Anthony audibly rolls his eyes. "Obviously."
"Oi."
"See you at full-time, gaffer."
"Good lad."
***
He hadn't counted on losing.
Anthony jumps to his feet when Frank lets himself into the room. He blinks hard, expression unreadable. Pushes a hand through his messy hair.
"Getting long." Frank says. He hangs up his jacket and rolls up his shirt sleeves. Takes off his watch, his wedding ring. Shoves his hands into his pockets. "Suits you."
"I know."
"Cheeky little cunt," Frank says, without feeling.
Anthony absently worries his bottom lip with his teeth. "Didn't know if you'd still...it's sound if you're not...I can go. If you want."

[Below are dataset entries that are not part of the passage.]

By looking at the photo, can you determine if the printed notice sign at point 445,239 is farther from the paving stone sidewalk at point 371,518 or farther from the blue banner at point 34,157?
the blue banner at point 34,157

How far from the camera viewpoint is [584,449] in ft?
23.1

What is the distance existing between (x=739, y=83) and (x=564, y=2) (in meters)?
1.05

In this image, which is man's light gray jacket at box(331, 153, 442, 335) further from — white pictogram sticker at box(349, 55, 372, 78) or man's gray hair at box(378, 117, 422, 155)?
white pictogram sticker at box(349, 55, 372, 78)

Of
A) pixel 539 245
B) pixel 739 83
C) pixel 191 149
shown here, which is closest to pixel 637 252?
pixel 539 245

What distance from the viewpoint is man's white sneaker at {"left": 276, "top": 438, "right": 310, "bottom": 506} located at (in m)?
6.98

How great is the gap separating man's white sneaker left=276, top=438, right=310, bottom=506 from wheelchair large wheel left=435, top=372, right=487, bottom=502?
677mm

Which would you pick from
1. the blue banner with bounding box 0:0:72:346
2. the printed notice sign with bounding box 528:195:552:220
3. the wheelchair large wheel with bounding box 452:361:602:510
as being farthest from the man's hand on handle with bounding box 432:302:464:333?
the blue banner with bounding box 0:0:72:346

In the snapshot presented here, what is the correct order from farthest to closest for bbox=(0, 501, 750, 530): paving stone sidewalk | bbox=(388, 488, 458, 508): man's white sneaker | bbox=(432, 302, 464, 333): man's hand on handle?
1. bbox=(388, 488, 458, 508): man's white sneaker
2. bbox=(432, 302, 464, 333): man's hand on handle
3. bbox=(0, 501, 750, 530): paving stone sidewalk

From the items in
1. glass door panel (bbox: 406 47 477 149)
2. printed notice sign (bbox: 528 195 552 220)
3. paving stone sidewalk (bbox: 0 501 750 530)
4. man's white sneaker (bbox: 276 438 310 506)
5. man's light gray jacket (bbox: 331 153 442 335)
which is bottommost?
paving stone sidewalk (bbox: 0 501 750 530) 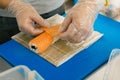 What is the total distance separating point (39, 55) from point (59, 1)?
345 millimetres

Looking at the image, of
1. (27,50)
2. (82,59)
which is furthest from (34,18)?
(82,59)

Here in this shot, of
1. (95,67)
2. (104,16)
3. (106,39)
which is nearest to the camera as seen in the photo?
(95,67)

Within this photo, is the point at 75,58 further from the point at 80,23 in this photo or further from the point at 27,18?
the point at 27,18

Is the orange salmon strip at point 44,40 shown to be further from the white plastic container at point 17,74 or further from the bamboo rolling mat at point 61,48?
the white plastic container at point 17,74

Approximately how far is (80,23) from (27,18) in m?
0.21

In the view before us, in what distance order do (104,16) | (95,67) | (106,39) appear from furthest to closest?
A: 1. (104,16)
2. (106,39)
3. (95,67)

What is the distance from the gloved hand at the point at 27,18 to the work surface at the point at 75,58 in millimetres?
74

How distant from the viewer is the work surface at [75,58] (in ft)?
2.31

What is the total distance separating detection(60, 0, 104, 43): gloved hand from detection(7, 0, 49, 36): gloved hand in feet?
0.33

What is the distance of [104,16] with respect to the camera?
931mm

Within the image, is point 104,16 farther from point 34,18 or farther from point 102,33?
point 34,18

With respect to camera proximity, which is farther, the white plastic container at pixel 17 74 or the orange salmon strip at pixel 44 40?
the orange salmon strip at pixel 44 40

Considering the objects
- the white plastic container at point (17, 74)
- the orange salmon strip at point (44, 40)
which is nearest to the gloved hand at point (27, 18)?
the orange salmon strip at point (44, 40)

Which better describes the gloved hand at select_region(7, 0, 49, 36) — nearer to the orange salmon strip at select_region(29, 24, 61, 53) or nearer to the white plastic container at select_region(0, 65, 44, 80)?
the orange salmon strip at select_region(29, 24, 61, 53)
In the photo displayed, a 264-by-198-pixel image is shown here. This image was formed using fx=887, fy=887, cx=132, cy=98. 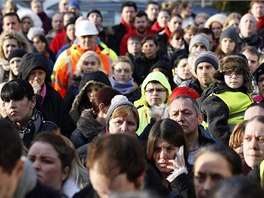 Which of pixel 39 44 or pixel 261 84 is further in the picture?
pixel 39 44

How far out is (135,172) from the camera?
15.4 ft

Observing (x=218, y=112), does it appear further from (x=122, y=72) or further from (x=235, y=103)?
(x=122, y=72)

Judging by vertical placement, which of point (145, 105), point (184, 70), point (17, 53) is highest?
point (17, 53)

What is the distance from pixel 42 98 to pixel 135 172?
17.6 ft

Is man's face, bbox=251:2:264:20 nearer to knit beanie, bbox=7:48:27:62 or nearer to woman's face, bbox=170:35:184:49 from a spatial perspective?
woman's face, bbox=170:35:184:49

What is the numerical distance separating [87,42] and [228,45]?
2178mm

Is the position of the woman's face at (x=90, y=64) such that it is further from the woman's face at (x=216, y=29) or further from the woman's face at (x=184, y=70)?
the woman's face at (x=216, y=29)

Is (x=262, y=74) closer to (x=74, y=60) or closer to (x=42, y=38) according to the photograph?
(x=74, y=60)

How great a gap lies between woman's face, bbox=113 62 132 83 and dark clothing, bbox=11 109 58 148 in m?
3.42

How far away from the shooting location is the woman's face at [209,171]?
5125 mm

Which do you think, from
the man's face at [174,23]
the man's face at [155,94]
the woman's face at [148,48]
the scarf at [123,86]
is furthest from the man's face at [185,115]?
the man's face at [174,23]

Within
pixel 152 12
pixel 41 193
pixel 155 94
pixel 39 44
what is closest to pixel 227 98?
pixel 155 94

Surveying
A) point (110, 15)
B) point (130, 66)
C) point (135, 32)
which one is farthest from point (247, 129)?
point (110, 15)

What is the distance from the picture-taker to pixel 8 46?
38.2 ft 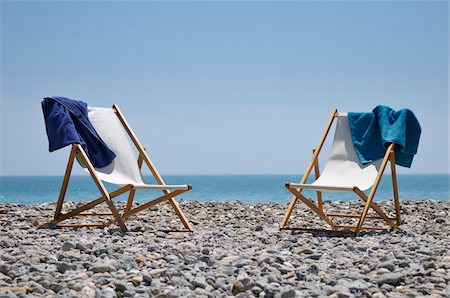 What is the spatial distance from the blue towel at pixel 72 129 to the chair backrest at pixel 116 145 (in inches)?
2.6

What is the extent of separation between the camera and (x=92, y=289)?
3.30 m

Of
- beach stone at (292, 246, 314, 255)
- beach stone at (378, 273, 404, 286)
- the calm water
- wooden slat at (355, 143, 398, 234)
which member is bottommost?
the calm water

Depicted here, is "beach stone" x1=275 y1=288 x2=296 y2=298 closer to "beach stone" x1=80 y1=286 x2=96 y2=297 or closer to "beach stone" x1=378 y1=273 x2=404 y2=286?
"beach stone" x1=378 y1=273 x2=404 y2=286

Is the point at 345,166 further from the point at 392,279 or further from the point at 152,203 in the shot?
the point at 392,279

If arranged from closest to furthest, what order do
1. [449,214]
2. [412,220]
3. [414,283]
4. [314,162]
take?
1. [414,283]
2. [314,162]
3. [412,220]
4. [449,214]

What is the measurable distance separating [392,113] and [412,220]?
1150mm

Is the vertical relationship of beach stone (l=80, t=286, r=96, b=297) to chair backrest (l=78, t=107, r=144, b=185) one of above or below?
below

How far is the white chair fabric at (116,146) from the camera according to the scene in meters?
5.89

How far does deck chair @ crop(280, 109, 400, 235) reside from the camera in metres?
5.56

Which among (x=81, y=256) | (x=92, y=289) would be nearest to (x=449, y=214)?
(x=81, y=256)

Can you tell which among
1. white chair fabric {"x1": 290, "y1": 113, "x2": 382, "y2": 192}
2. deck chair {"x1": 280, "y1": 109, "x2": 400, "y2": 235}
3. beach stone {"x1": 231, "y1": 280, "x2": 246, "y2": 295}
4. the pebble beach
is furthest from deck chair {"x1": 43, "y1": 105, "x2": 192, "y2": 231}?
beach stone {"x1": 231, "y1": 280, "x2": 246, "y2": 295}

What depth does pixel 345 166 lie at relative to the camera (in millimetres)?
6035

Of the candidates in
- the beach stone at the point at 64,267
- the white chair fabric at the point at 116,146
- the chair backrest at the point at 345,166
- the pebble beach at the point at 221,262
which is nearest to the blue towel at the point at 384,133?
the chair backrest at the point at 345,166

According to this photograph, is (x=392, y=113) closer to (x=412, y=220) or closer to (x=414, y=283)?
(x=412, y=220) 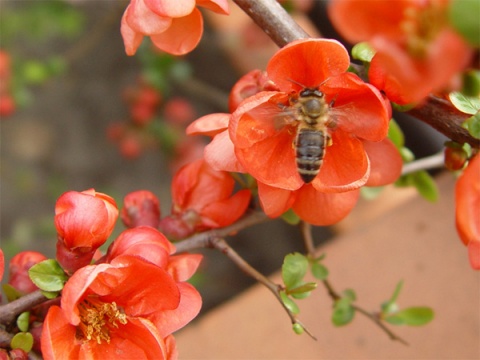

The moments in which Frank knows what he wants are fleeting and few and far between.
He remembers their time in America. A different time. Different people. Just the two of them, locked in their own little world as soon as the hotel room door closed behind them. Ordering sloppy room service desserts that Anthony couldn't eat but happily fed to Frank. Getting his fingers licked clean as a reward, sucking melted chocolate from them and lowering his eyes. Knows exactly what his eyelashes do to Anthony.
Anthony with his meals that are nothing more than a nutritional equation, percentage of fat and protein intake accurate to four decimal places. Powders and shakes and supplements. The death rattle of joy that is the protein shaker.
A far cry from when Frank was his age. Eating whatever you wanted when nobody was looking, and using cocaine as a health food to keep the balance. Showing up to training with hollowed out eyes and cheeks and every other word punctuated by hard sniffs, relying on the knowledge that football abides loose morals and abhors loose talk.
They're not the same. But they're not different. Even now. Anthony looks as lost as Frank feels. Twists his smart ring round his finger. The one that tracks his sleep and activity and heart rate and body temperature and feeds it all back to his keepers on Tyneside. Not something Frank had needed, not with his dad's omnipresence.
"Stay," Frank says, eventually.
He watches Anthony twist his ring round and round his finger before he takes it off and puts it on the bedside table. Beside Frank's wedding ring.
Not the same but not different. Like parallel lines. One hundred and five metres long.